At 27, she should relate well to high school players and has the opportunity to be a good role model for the community’s young women who may be swayed to follow a similar career path.
It’s commendable for the school board to make the decision to provide that opportunity for Ripley because those opportunities for women don’t seem to be increasing in Maine. Only 29 women were head coaches on the state’s 143 high school varsity girls basketball teams last season, compared to 33 women coaches of the 147 teams in the 2003-04 season.
The one unfortunate result of Ripley’s hiring was that veteran coach Arnie Clark is now out of a job. Clark made Woodland a tourney perennial and guided the Dragons to five Class D state titles in his 16 seasons. Before that he was a successful boys varsity coach for Calais, leading the Blue Devils to a 165-96 record and two Eastern Maine titles over 14 seasons in a highly competitive class.
Some may believe that it was time for Clark, who is 70, to step aside, but in his gracious comments of understanding the school board’s decision and giving his 100 percent support to Ripley, he also mentioned that he still wants to coach.
If he feels he can do so, then he should be given the opportunity and hopefully, another school will do so as Clark’s record is an impressive one. For those worrying about his age, they may want to consider two Maine coaching legends who went on to coach after leaving positions they wanted to keep: former Bangor High School boys basketball coach Roger Reed and the late John Winkin.
Three years ago, Reed, then 73, wanted to keep his coaching job while also pursuing a state legislator’s post. The Bangor administration wanted Reed to be able to give 100 percent to the basketball program, and, given that reasonable expectation, Reed reluctantly stepped down from the coaching post.
He has stayed in coaching, however, and has since served as an assistant coach at Hermon, where his son, Mark, is the head coach.
Winkin was 76 in June of 1996 when he lost his job as the University of Maine’s head baseball coach.
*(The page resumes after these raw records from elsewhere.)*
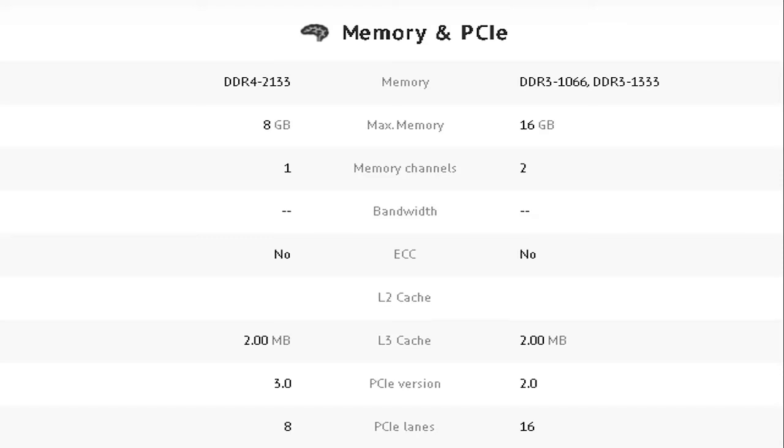Intel takes the lead with the max memory of 16GB while AMD only has 8GB. With the memory channels, Intel has 2 and AMD has 1.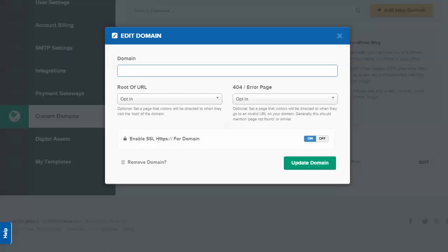This is in the settings. You can just go to custom domains, edit your domain, and then all you really need to do—the best way to do this—is to set things up with Cloudflare.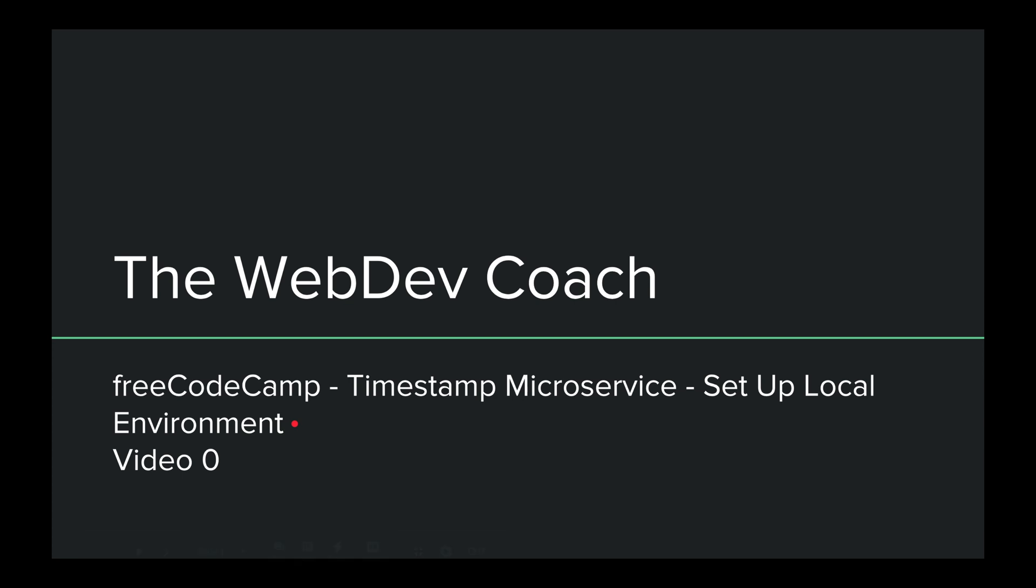Hello and welcome back to the Web Dev Coach, where my goal is to teach you web development. This is the first video in a series where I'll be going over the FreeCodeCamp timestamp microservice project. It'll be written in Node, I'll be using Express on top of Node, the Express framework.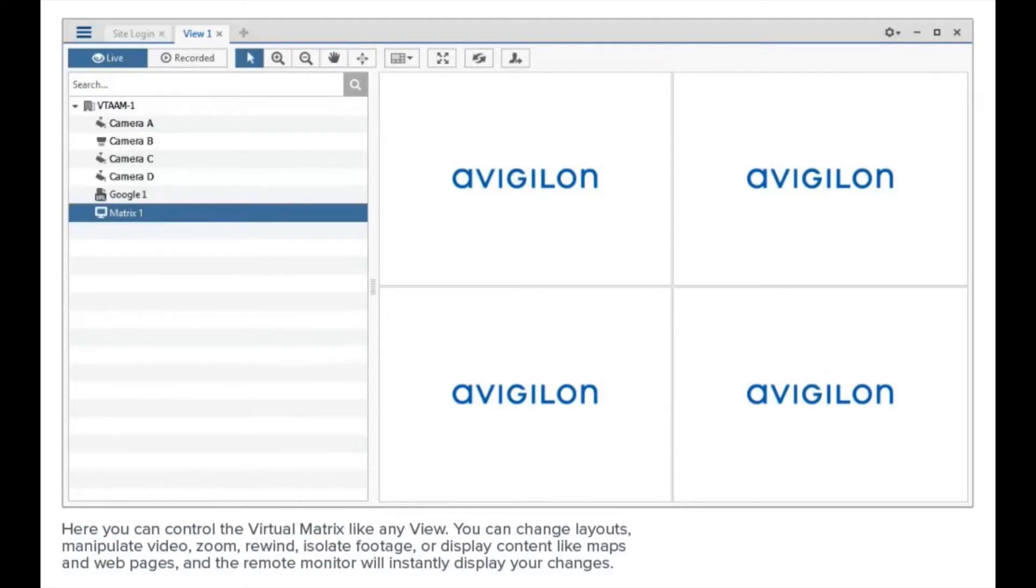Here, you can control the virtual matrix like any view. You can change layouts, manipulate video, zoom, rewind, isolate footage, or display content like maps and web pages, and the remote monitor will instantly display your changes.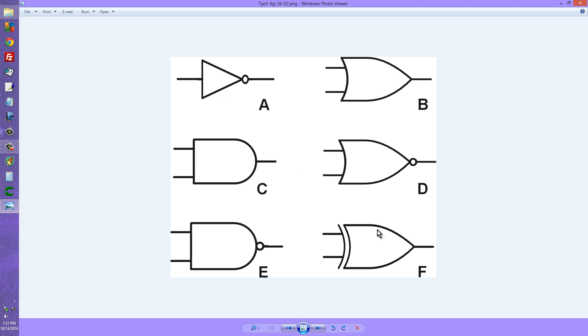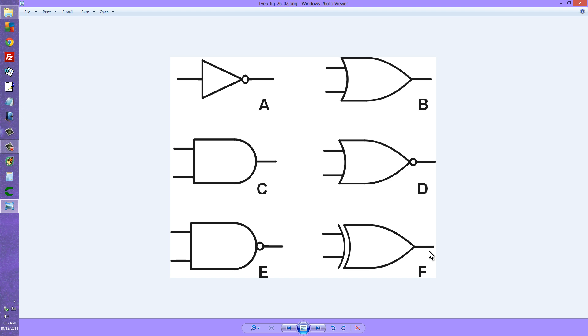And here at symbol F, we have something called an exclusive OR gate, or XOR. In this particular case, it's just like an OR gate, except if both inputs are high, we get a low at the output. So the output here is high if and only if the two inputs have opposite logic states. If both of these inputs have the same logic state, either low or high, then the output is low.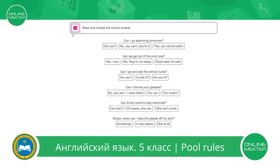Read and choose the correct answer. Here you see questions related to modal verb can. As you remember from the previous lessons, we use modal verb can to express a skill or an ability — for example, I can't swim. In questions, we use modal verb can to ask for permission — for example, can I dive into the water? And we also use the negative form can't to express a strong prohibition against the rules — for example, you can't enter the pool without changing your shoes.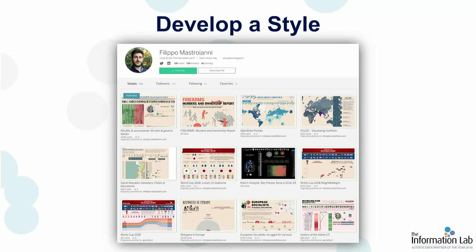Consider creating your own style. Filippo Mastroianni of the Information Lab in Italy is a great example of building a style over time. When you see a viz on Tableau Public, you can often immediately identify it as his. He's built his own brand and his own style by creating lots and lots of visualizations and being deliberate about his practice. Build your own style — maybe you have a font you love, a size or color you like. They all help to build your signature style.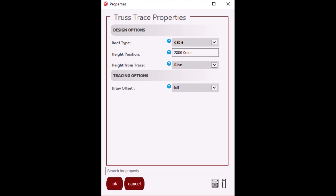The property 'Height from Trace' allows you to set the height relative to the height at the trace position. Click OK to add the truss layout to the floor plan.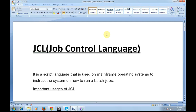JCL is used to instruct the system on how to run batch jobs. The reason it is important is because after creating a COBOL program, the next steps are to compile the program and execute it for expected results. In order to compile your COBOL program, there should be an intermediate interpreter. With the help of JCL — this scripting language — we compile and execute our COBOL programs.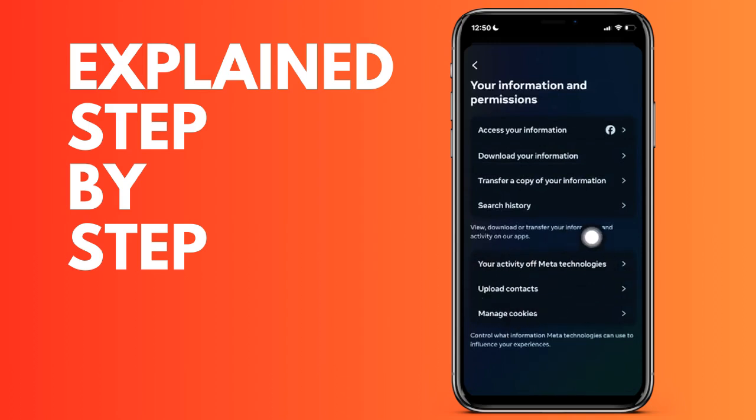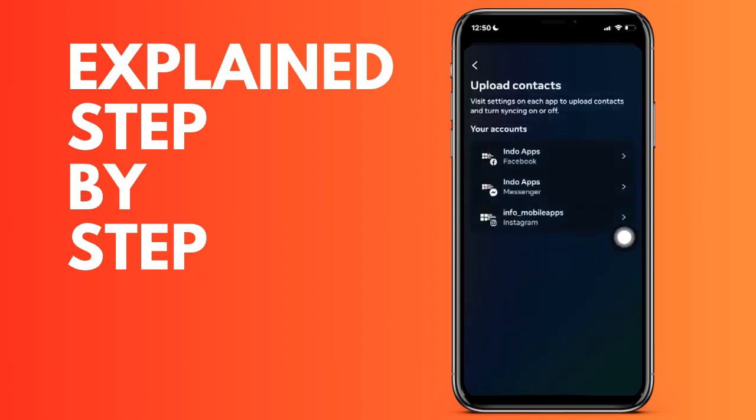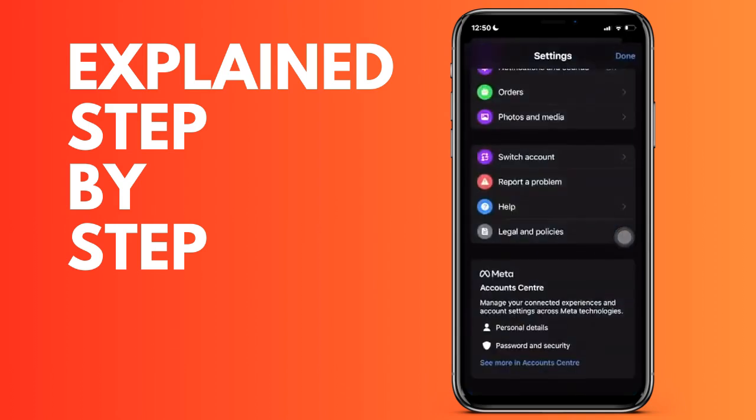We click on the first option and we click to turn off or deactivate. And as you can see, it is deactivated. There is nothing else you have to do.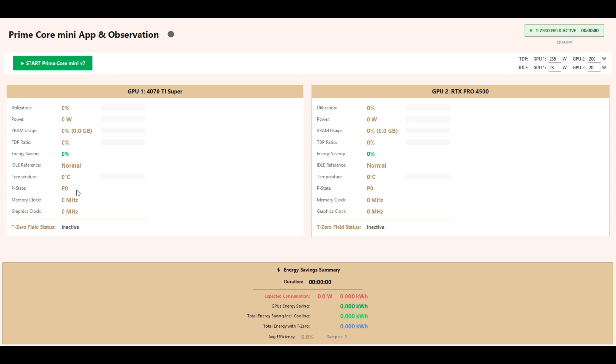Memory Clock and VRM Clock frequency in MHz. Graphics Clock shows GPU core frequency in MHz. T0 Field Status shows whether the T0 field is currently active.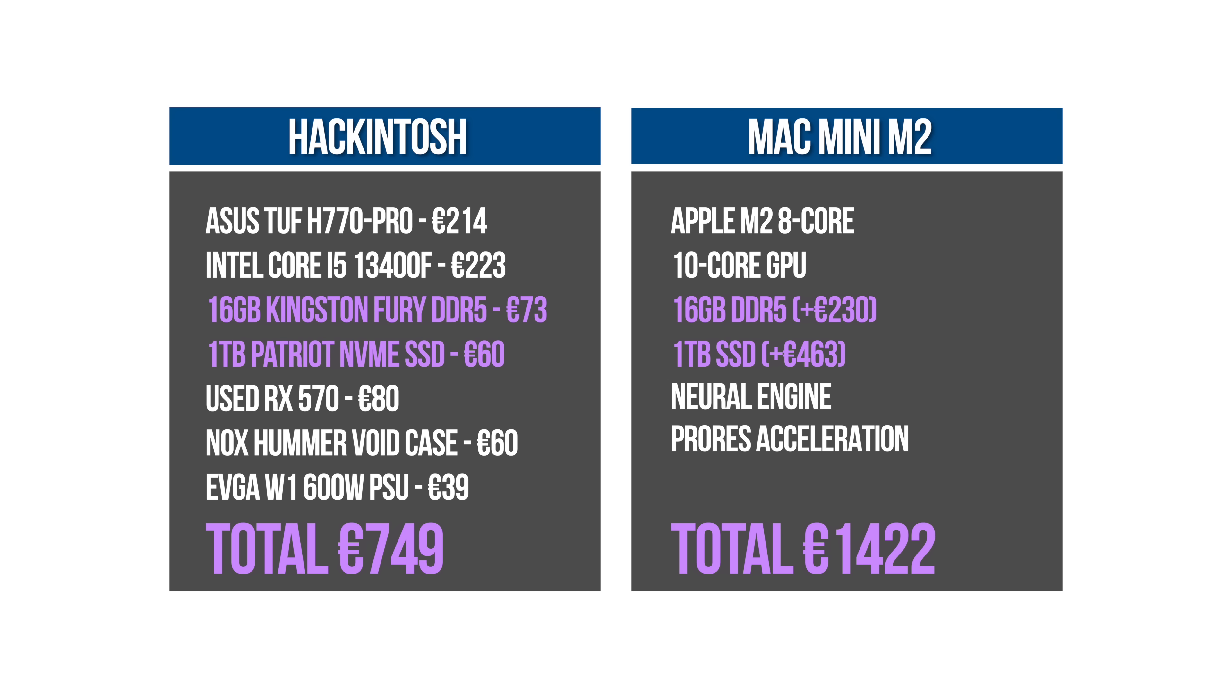For me, if it's a choice between paying €750 for a Hackintosh or €1422 for a Mac Mini with less performance, then I'm choosing the Hackintosh even if my ProRes exports are going to be taking a little longer. This price difference between a Mac and the equivalent PC hardware gets even wider the higher up we go.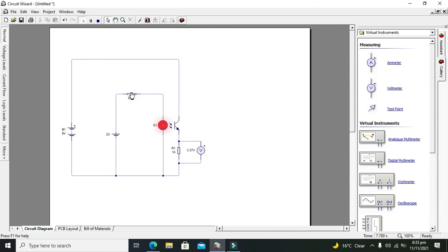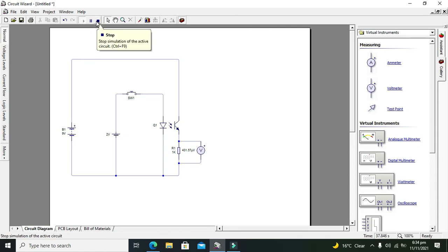You can see that whenever we light the LED, the collector to emitter of the phototransistor starts to conduct — they just become short. And then we are getting 3.37 volts on the 1K resistor. In this way we are isolating two parts: one connected with the LED and one part connected with the phototransistor. Hopefully you got the concept regarding how to use the opto-isolator or opto-coupler within Circuit Wizard.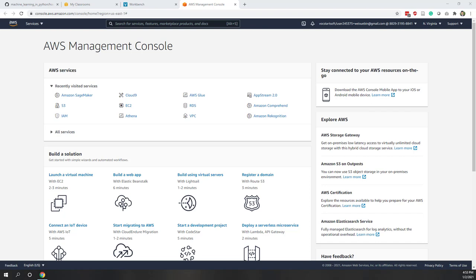Welcome to this week's lab. This week we will see how we can analyze data in Python. We will do a very simple project to analyze house price data in Python, and we are going to use the pandas Python library.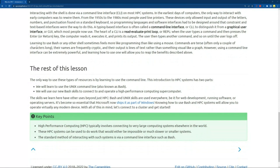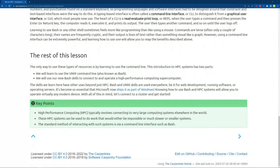Learning to use bash or any other shell sometimes feels more like programming than using a mouse. Commands are terse — often only a couple of characters long — and their names are frequently cryptic. Their output is lines of text rather than something visual like a graph. However, using a command line interface can be extremely powerful, and learning how to use one will allow you to reap the benefits of HPC as well as many of those benefits outlined at the beginning of the session.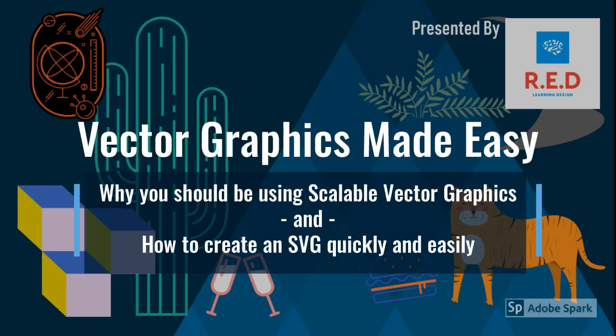Hi everyone. Today I'm going to teach you what a scalable vector graphic is and how to create one quickly and easily using an existing image as a template.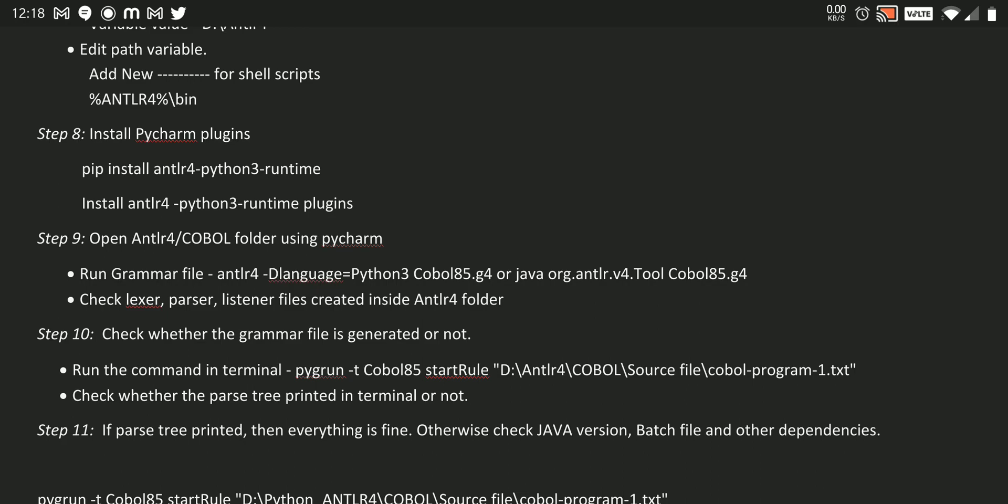If not, we need to check whether the prerequisites are present in that system or not. If everything is present, then we need to check whether the batch files are present or not. If everything is okay, then we need to restart our system, then again try to generate those lexer, parser, listener files. If everything generated normally, means everything is working fine.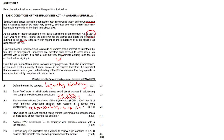Question 2.4: How could an employer assist a young worker to minimize the consequences of misreading or not reading a job contract? Employers could ensure that the lawyers who draw up these contracts make use of simple English, or they simplify the language of instruction. In South Africa and corporate South Africa, English is the way that we level the playing field.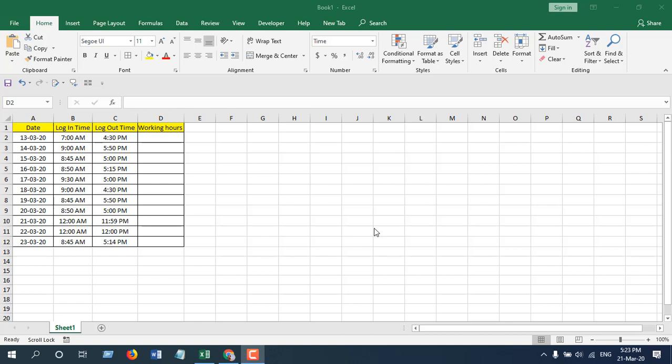Hello everyone, welcome to Excel 10 tutorial. In this quick tutorial, I'm going to show you how you can calculate working hours in Microsoft Excel. That means we have a login time and we have a logout time, and we are going to count how many hours have been worked between those two times. Okay, so let's get started.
He compiled a 642-430-3 record during his 22 seasons with the Black Bears but his contract was not renewed when he recorded four losing seasons in his last five years.
He still felt he had a lot to give as a coach and Husson University agreed when it named him as an assistant coach 13 days after he lost his Maine job. He proved his value as an assistant and then as Husson’s head coach for four seasons until he suffered a stroke at age 87.
Many young athletes benefited from lessons given by Winkin and Reed. Ripley now also has the opportunity to do so and, hopefully, Clark will get one as well.